It also contributes to a more winning narrative than the one of the pot-smoking, academically unfocused Obama—a slice of his youth that Obama himself wrote about in his autobiography.

Basketball also became a crucible for cementing his relationship with Michelle. Working as a lawyer in Chicago at the time, the future first lady had been dating her colleague, Obama, when she asked her brother, Craig, to take the new guy out and see what he was really about. Obama had described himself as a legit player, though certainly not of the stature of Craig Robinson, a 6-foot-6 star at Princeton who got drafted by the NBA’s Philadelphia 76ers. (He now coaches at Oregon State.)

“When I played basketball with Barack, he was quietly confident, which means he had good self-esteem without being cocky,” Robinson told Chuck Klosterman of Esquire. “He was certainly a team player — he wasn’t a pig, he passed when he was supposed to pass, and he cut when he was supposed to cut. To me, that speaks to a lack of selfishness. He had natural leadership ability, because he didn’t just pass me the ball because he was dating my sister.

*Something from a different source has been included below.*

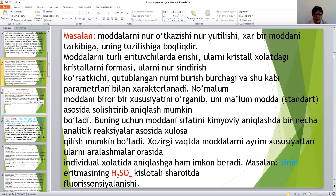Hozirgi vaqtda moddalarning ayrim xususiyatlari, ularni aniqlashtirmalar orqali ham individual xolatida aniqlashtirish imkoni bor. Masalan, xininning yaratilishini, sulfat kristalli sharoytda flyuorometrik aniqlash.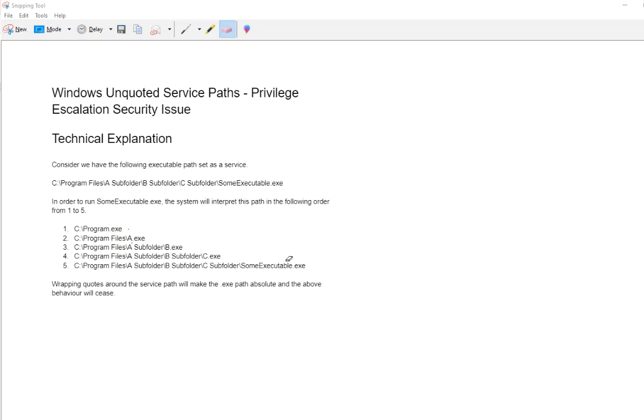Hi guys, thanks for tuning in again. Today we're going to go over a Windows Unquoted Service Path Privilege Escalation Vulnerability, where we're going to basically inject our own custom executable into a Windows directory which we will run in the context of a service that isn't set as secure.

Whenever a player gets tired, he reverts back to the player he truly is. That’s how you tell. And we played for hours. That’s how I could tell.”

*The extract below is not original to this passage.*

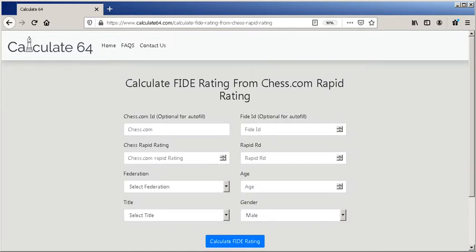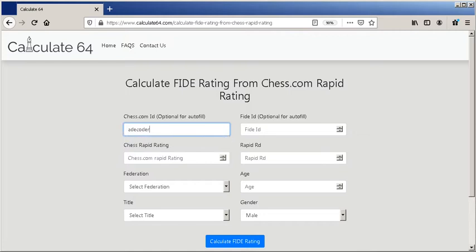Now we type our chess.com ID and our FIDE ID.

The closest tie to the competitions in England, though, will not come from either the man who is president or the man who wants to be. Ann Romney gets that nod. The equestrian events begin Saturday and the horse Ann Romney co-owns, Rafalca, is scheduled to compete in dressage. Her husband has kept a bit of distance publicly from the sport, doubtless so as not to fuel his already patrician image.

Not that there is no chance of one of the sporting pols taking in an event during the Games. Olympic organizers say they have gamed out a scenario whereby a foreign dignitary with a very large entourage shows up for the gold medal basketball game between as-yet-unknown teams. One London paper thinks the team might be the U.S.and the surprise fan might be President Obama.